(Stored dataset items)

*** Block opens ***

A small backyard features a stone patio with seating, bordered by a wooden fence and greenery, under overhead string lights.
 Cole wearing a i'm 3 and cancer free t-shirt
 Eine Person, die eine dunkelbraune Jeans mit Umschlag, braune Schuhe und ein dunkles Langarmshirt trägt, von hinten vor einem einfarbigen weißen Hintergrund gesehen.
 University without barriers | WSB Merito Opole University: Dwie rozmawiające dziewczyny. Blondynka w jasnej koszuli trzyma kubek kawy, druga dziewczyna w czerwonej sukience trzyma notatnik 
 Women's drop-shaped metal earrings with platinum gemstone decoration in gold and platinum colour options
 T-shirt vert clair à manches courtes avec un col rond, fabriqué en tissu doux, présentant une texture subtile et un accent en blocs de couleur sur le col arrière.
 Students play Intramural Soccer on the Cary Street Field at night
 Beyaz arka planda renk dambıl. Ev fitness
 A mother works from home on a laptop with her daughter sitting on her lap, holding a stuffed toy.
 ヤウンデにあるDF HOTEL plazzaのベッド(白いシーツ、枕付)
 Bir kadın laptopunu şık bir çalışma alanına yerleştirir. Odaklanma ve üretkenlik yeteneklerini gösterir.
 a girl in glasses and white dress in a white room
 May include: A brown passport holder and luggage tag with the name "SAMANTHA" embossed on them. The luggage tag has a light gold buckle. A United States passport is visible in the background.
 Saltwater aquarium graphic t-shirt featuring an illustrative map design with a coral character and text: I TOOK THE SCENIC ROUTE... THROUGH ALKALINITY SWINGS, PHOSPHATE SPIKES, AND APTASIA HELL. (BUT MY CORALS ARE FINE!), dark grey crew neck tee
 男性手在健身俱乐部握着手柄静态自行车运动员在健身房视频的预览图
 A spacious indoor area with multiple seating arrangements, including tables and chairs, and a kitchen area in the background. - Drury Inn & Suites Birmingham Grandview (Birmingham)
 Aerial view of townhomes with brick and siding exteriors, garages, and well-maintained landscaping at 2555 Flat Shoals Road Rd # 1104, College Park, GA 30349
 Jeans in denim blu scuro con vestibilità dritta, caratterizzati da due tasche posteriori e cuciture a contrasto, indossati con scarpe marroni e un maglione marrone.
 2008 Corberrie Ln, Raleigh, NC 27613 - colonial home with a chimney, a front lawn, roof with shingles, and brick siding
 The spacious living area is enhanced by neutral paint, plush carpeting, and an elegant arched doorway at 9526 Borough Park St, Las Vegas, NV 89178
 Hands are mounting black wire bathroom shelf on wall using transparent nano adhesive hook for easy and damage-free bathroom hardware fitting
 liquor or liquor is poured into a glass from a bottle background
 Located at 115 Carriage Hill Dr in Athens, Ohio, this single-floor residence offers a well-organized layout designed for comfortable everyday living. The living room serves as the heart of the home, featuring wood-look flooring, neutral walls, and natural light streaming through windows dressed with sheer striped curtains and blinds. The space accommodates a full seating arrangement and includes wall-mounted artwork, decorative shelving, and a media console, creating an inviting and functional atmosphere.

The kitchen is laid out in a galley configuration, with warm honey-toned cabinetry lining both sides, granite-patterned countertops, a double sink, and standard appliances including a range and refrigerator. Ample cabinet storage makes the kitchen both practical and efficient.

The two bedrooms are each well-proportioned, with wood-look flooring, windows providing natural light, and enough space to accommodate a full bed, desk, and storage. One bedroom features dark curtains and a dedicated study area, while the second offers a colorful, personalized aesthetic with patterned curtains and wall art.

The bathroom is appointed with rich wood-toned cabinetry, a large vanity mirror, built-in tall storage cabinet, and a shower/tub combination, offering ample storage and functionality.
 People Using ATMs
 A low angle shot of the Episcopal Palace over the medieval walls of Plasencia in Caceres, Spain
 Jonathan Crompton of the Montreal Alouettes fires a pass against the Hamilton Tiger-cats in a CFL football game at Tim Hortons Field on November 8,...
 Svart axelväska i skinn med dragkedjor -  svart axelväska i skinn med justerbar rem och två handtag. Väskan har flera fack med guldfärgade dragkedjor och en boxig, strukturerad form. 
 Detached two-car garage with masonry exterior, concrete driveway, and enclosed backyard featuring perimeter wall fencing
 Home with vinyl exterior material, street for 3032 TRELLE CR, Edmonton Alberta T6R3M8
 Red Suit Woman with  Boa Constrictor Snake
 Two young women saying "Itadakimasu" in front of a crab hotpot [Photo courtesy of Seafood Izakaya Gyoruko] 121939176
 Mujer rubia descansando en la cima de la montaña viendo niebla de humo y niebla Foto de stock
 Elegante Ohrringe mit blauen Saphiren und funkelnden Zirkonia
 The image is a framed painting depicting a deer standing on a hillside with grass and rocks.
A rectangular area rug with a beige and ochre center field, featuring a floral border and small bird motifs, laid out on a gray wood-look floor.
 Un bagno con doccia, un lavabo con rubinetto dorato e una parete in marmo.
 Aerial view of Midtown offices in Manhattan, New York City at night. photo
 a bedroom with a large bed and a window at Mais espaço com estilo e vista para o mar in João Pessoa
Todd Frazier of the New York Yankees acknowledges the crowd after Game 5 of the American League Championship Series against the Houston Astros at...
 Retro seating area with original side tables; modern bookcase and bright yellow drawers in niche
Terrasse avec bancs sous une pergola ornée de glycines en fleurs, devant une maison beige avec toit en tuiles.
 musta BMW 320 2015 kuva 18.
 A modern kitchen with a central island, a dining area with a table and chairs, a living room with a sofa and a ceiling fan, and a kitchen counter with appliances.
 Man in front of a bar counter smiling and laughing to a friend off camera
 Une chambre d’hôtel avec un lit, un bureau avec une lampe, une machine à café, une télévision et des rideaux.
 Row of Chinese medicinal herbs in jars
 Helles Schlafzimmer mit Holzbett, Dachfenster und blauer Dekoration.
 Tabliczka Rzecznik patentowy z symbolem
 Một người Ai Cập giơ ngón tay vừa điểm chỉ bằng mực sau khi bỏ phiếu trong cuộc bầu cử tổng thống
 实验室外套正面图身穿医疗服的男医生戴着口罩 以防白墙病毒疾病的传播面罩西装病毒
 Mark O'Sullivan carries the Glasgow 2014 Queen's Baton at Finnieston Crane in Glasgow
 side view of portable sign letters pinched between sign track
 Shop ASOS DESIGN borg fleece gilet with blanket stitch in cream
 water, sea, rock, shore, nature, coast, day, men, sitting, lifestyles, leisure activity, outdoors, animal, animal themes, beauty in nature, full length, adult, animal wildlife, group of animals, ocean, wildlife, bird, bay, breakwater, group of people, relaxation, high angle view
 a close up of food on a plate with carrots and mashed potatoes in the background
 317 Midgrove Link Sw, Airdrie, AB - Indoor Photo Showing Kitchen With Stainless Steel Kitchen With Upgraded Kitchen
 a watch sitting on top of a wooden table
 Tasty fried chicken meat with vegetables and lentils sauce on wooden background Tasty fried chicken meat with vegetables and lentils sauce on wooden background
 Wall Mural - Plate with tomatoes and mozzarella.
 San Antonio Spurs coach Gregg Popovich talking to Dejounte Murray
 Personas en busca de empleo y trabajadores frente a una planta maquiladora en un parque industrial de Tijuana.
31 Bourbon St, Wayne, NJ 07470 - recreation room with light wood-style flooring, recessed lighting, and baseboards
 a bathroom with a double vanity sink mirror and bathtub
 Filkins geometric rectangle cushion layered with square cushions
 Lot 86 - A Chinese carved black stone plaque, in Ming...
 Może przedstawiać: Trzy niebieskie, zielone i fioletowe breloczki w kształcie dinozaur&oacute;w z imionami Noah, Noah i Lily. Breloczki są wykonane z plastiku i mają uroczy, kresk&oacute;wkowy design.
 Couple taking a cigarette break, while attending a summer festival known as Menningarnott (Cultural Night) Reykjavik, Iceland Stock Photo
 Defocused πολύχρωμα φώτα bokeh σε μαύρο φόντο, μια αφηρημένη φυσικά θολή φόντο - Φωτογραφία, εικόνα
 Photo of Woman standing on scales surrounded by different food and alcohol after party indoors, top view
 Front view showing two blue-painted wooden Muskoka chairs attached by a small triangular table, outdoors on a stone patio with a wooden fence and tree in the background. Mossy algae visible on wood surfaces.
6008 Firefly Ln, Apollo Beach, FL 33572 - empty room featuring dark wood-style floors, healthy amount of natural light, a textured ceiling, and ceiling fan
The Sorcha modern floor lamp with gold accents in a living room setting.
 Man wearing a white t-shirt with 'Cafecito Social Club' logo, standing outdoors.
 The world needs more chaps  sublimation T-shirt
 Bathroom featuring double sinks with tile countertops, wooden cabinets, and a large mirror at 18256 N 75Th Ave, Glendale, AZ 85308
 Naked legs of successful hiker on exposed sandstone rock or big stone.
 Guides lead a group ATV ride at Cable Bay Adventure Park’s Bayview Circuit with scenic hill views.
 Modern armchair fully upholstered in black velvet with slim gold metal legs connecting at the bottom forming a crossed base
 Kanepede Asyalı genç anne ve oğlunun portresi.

*** Block closes ***

Task statement => Every line of the data that holds "including" should be counted, and only the total given.

Solution => 2